Short descriptive text snippets:
#####
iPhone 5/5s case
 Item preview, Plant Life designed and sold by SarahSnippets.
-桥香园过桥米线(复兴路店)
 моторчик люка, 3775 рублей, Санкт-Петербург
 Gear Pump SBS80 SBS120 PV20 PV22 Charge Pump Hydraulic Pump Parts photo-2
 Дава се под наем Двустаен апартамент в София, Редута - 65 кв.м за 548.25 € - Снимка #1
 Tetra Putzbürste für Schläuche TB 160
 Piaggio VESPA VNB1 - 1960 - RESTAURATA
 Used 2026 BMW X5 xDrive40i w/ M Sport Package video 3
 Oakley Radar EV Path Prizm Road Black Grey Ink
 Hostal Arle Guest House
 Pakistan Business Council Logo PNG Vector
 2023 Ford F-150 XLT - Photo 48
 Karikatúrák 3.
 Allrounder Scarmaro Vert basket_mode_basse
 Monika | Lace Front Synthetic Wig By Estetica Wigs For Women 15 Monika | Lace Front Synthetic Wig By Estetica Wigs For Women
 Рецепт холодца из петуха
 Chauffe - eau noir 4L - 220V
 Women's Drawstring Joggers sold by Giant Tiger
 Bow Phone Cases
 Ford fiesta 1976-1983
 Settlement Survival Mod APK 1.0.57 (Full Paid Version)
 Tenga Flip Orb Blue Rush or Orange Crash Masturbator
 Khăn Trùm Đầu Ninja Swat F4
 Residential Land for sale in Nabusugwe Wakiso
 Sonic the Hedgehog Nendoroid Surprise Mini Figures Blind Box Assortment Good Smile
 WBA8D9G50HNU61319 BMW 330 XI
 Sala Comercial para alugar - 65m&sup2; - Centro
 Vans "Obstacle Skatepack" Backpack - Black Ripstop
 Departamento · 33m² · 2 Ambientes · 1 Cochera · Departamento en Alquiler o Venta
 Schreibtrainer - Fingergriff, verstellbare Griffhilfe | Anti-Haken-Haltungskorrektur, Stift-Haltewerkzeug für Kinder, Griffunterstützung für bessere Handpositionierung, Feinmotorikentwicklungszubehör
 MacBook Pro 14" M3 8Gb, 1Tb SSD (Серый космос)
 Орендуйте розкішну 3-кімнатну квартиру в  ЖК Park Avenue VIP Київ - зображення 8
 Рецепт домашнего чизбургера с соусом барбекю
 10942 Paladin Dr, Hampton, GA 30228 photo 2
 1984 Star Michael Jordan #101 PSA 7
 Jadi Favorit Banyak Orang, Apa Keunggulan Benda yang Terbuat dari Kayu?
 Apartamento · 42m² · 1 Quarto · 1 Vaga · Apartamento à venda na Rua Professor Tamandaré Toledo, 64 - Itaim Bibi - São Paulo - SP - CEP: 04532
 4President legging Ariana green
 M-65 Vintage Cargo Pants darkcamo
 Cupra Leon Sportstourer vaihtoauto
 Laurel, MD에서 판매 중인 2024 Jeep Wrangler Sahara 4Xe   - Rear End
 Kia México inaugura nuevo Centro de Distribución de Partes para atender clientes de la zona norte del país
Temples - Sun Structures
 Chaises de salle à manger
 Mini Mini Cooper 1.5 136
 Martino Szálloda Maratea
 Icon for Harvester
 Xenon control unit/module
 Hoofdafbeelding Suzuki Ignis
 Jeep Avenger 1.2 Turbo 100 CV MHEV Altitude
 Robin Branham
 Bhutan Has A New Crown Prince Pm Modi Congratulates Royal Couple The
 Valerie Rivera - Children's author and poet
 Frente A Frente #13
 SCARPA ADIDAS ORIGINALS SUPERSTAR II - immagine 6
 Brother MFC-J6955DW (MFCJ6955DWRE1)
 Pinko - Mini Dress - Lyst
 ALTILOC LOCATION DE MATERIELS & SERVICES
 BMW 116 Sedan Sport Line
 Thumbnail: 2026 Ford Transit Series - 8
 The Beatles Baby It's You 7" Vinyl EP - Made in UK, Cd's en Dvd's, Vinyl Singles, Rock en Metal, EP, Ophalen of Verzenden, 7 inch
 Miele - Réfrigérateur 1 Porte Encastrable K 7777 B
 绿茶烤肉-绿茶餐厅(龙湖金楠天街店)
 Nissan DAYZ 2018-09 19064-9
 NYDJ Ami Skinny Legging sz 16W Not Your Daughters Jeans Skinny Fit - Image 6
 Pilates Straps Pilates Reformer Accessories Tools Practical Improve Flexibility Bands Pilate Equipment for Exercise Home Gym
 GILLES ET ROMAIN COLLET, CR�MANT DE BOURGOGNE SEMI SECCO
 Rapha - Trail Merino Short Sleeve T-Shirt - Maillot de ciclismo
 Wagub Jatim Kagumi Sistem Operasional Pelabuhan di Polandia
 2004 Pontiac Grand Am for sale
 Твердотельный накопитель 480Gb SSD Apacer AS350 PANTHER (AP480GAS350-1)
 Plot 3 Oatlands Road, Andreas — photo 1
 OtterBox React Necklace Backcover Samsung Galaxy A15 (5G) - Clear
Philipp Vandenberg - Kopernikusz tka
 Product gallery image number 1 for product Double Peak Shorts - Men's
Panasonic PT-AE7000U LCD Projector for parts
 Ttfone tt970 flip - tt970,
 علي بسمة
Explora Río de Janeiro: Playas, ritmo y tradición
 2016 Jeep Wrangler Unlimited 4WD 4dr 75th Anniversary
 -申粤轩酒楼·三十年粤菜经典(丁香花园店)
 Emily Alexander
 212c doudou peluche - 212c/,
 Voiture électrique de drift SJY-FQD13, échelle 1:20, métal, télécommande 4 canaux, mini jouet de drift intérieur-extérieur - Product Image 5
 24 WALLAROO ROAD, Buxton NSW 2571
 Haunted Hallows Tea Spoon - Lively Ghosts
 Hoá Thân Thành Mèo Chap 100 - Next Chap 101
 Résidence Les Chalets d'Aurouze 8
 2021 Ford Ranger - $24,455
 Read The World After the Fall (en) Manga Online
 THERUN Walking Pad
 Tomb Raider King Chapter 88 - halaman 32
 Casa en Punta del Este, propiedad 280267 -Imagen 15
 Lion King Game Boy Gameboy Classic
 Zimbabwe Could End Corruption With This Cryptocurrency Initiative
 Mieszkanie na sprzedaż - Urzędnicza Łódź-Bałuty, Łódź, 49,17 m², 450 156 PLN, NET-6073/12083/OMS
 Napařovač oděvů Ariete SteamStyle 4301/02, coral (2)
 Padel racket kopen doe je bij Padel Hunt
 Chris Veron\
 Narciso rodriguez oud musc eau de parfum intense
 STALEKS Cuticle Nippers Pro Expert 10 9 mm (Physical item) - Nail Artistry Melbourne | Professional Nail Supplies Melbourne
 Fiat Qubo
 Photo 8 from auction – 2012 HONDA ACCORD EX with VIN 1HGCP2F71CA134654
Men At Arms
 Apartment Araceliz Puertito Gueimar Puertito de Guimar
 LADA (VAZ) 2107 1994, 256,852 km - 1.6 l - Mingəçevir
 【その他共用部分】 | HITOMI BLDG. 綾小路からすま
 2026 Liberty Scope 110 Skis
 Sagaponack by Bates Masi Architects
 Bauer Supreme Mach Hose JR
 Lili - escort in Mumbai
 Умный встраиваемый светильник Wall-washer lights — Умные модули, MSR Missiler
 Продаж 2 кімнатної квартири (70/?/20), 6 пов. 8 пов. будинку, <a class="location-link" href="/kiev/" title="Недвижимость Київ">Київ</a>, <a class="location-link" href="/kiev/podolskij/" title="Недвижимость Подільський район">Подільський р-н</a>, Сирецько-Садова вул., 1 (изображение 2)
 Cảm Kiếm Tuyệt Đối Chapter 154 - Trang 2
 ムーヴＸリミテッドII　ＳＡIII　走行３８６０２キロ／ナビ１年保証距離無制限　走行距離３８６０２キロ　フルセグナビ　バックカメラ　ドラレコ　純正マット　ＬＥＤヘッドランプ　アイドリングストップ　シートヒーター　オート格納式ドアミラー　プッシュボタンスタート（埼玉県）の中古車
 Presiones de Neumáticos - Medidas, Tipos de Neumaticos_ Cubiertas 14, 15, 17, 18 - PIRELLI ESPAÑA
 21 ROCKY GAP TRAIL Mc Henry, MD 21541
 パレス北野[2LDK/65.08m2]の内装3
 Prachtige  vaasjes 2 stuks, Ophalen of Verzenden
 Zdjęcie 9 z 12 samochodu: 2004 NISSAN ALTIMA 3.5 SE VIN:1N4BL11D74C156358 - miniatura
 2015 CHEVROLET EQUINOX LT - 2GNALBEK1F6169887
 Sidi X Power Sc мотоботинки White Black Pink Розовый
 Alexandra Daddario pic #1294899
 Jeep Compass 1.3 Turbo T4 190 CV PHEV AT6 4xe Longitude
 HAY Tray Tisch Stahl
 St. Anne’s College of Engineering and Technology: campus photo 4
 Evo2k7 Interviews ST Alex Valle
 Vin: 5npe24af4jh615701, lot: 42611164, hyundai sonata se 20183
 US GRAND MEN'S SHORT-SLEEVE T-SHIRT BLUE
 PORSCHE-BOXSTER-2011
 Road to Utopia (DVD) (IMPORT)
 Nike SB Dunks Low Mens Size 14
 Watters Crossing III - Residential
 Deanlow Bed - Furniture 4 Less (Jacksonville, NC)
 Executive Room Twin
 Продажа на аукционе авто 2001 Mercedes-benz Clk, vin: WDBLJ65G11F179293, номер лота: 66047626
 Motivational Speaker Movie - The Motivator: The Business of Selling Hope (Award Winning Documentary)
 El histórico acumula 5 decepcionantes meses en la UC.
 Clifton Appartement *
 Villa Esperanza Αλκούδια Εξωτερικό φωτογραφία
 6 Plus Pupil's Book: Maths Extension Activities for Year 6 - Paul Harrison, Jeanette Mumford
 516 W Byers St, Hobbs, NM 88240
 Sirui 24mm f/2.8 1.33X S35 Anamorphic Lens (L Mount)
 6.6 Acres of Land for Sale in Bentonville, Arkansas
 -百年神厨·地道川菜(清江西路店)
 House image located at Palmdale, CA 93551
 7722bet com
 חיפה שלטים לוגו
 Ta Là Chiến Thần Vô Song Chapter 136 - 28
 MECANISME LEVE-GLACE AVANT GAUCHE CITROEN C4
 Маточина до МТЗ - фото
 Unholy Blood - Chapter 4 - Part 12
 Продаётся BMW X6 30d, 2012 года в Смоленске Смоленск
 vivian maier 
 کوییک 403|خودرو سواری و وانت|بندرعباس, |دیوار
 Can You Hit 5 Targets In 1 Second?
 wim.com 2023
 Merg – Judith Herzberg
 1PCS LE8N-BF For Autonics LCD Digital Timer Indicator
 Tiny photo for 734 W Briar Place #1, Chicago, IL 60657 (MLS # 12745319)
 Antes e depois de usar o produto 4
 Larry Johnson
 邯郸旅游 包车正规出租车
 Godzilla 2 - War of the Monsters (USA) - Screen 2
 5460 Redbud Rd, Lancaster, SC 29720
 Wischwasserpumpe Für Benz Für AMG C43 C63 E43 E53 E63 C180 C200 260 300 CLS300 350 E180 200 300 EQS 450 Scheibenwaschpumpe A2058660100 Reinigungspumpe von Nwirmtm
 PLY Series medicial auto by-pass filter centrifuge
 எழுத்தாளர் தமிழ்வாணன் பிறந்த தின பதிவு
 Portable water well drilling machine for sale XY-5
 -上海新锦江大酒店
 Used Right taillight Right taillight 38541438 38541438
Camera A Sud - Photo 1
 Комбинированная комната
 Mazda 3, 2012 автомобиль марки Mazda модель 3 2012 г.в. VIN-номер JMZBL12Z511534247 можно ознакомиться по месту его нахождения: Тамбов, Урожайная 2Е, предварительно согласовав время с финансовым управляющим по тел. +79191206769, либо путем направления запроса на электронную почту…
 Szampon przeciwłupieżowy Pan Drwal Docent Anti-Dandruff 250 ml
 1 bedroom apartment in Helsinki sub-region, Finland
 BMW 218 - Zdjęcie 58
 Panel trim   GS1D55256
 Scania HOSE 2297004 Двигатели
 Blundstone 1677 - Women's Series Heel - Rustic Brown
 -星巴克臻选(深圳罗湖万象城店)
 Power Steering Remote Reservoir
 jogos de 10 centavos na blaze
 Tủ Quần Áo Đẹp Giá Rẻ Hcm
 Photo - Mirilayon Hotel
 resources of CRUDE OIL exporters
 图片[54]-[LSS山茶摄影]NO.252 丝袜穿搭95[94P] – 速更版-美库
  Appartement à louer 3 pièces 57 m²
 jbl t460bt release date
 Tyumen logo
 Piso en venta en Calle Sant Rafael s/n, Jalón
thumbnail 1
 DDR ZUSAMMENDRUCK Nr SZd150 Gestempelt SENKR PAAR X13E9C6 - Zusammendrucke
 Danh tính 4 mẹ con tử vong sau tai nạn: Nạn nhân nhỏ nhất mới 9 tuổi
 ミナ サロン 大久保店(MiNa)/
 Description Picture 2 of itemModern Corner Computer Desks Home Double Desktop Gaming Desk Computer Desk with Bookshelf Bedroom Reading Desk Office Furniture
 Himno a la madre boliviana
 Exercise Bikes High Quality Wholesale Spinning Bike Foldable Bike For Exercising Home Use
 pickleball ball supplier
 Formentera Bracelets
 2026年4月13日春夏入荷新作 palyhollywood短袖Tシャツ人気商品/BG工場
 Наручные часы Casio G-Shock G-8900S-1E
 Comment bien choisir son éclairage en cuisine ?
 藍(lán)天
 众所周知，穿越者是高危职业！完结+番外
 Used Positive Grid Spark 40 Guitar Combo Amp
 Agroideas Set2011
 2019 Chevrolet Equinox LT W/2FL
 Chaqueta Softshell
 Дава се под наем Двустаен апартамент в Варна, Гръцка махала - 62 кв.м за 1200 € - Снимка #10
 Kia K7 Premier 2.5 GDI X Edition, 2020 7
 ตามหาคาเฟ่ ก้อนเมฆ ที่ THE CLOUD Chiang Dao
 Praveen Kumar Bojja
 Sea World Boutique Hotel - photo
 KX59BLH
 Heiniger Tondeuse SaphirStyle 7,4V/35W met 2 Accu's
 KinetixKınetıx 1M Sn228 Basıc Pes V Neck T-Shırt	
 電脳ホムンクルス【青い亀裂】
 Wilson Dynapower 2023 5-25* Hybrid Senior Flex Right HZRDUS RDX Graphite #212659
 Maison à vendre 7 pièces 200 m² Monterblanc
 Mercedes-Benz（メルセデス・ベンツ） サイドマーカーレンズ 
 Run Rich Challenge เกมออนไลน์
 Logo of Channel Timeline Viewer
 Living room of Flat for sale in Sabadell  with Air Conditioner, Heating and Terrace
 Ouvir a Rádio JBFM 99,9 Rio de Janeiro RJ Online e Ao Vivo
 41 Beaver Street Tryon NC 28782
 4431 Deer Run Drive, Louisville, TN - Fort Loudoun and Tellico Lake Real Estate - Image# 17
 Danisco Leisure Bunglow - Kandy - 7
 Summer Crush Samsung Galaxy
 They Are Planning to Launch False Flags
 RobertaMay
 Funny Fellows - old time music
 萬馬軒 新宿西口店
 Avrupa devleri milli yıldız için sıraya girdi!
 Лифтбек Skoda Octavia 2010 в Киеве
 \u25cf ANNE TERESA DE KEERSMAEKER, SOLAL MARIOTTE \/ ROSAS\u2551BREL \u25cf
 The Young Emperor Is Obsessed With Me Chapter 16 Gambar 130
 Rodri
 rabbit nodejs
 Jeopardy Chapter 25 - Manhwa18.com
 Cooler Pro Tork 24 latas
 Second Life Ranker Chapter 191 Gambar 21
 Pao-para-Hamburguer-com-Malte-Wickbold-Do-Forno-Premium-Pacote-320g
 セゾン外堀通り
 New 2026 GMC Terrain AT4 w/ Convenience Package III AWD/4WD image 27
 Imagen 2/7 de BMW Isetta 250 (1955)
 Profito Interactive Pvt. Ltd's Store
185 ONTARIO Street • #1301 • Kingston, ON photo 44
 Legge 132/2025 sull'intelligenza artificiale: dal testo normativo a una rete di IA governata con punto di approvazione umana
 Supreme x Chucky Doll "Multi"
#####
Task instructions:
Give back the lines of the data exactly as they are written, from the first line through the line containing "Орендуйте розкішну 3-кімнатну".

Result of the exercise:
iPhone 5/5s case
 Item preview, Plant Life designed and sold by SarahSnippets.
-桥香园过桥米线(复兴路店)
 моторчик люка, 3775 рублей, Санкт-Петербург
 Gear Pump SBS80 SBS120 PV20 PV22 Charge Pump Hydraulic Pump Parts photo-2
 Дава се под наем Двустаен апартамент в София, Редута - 65 кв.м за 548.25 € - Снимка #1
 Tetra Putzbürste für Schläuche TB 160
 Piaggio VESPA VNB1 - 1960 - RESTAURATA
 Used 2026 BMW X5 xDrive40i w/ M Sport Package video 3
 Oakley Radar EV Path Prizm Road Black Grey Ink
 Hostal Arle Guest House
 Pakistan Business Council Logo PNG Vector
 2023 Ford F-150 XLT - Photo 48
 Karikatúrák 3.
 Allrounder Scarmaro Vert basket_mode_basse
 Monika | Lace Front Synthetic Wig By Estetica Wigs For Women 15 Monika | Lace Front Synthetic Wig By Estetica Wigs For Women
 Рецепт холодца из петуха
 Chauffe - eau noir 4L - 220V
 Women's Drawstring Joggers sold by Giant Tiger
 Bow Phone Cases
 Ford fiesta 1976-1983
 Settlement Survival Mod APK 1.0.57 (Full Paid Version)
 Tenga Flip Orb Blue Rush or Orange Crash Masturbator
 Khăn Trùm Đầu Ninja Swat F4
 Residential Land for sale in Nabusugwe Wakiso
 Sonic the Hedgehog Nendoroid Surprise Mini Figures Blind Box Assortment Good Smile
 WBA8D9G50HNU61319 BMW 330 XI
 Sala Comercial para alugar - 65m&sup2; - Centro
 Vans "Obstacle Skatepack" Backpack - Black Ripstop
 Departamento · 33m² · 2 Ambientes · 1 Cochera · Departamento en Alquiler o Venta
 Schreibtrainer - Fingergriff, verstellbare Griffhilfe | Anti-Haken-Haltungskorrektur, Stift-Haltewerkzeug für Kinder, Griffunterstützung für bessere Handpositionierung, Feinmotorikentwicklungszubehör
 MacBook Pro 14" M3 8Gb, 1Tb SSD (Серый космос)
 Орендуйте розкішну 3-кімнатну квартиру в  ЖК Park Avenue VIP Київ - зображення 8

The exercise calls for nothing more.